Lol. J/k. Looks awesome, man!


----------



## jeepersjeep (Apr 27, 2011)

Really cool!


----------



## Engineer99 (Aug 4, 2011)

You need to hang a little hammer next to it with a sign reading "In case of emergency, break glass" LOL


----------



## Staxed (Oct 16, 2011)

looks awesome, but need a little metal hammer and a plaque that says "Break Glass in case of Emergency"


----------



## Marlboro Cigars-cl (Feb 19, 2007)

Beautiful peice. :tu


----------



## anth.gulla (Nov 18, 2011)

Haha good idea will seriously consider


----------



## Jazzmunkee (Jul 3, 2008)

Real cool man. I really like those cigars too. Too bad you couldn't take the bands off of them and replace them with fakes. J/K


----------



## brunoslee (Mar 3, 2010)

AWESOME ! ! ! ! ! ! ! !


im Very Jelous!

congrats!!!!!


----------



## 5.0 (Sep 9, 2009)

My wife got me this pic and I think it would look pretty good in a similar presentation........

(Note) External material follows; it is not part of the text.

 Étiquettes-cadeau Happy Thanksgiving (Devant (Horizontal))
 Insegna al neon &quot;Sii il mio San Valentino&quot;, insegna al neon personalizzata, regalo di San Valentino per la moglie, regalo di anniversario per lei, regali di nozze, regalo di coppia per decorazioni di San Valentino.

And I have the sticks too.........


----------



## zenom (Aug 30, 2011)

instead of a hammer it should be like a pistol lighter to break the glass or a baseball bat to fit with the theme.


----------



## David_ESM (May 11, 2011)

Real nice display piece for a cigar room.


----------



## truckertim (Sep 17, 2011)

That is awesome, congrats!


----------



## CigarSnWhiskeY (Sep 6, 2011)

Engineer99 said:


> You need to hang a little hammer next to it with a sign reading "In case of emergency, break glass" LOL


LMAO :biglaugh: awesome piece dude!


----------



## Booyaa (Nov 6, 2010)

Looks good mate, don't think I could handle those sticks up on my wall though. Would love to try one. 

Your friend is a good man, very nice.


----------



## anth.gulla (Nov 18, 2011)

If it was my only sampler i wouldnt be able to handle it either. Luckily I have two more samplers in my humidor i got as a gift.


----------



## TonyBrooklyn (Jan 28, 2010)

anth.gulla said:


> Just got this display case made for me from a friend.. What do you all think?
> 
> View attachment 35980


Nice!


----------



## ptpablo (Aug 22, 2010)

Love it!!!!! don't know how long it would last. But it is an awesome idea!!!


----------



## vish11418 (May 15, 2012)

how much did that set you back?


----------



## JuiceMan (Apr 17, 2012)

Nice!


----------



## cavscout98 (Apr 14, 2012)

Pretty cool. Very nice piece.


----------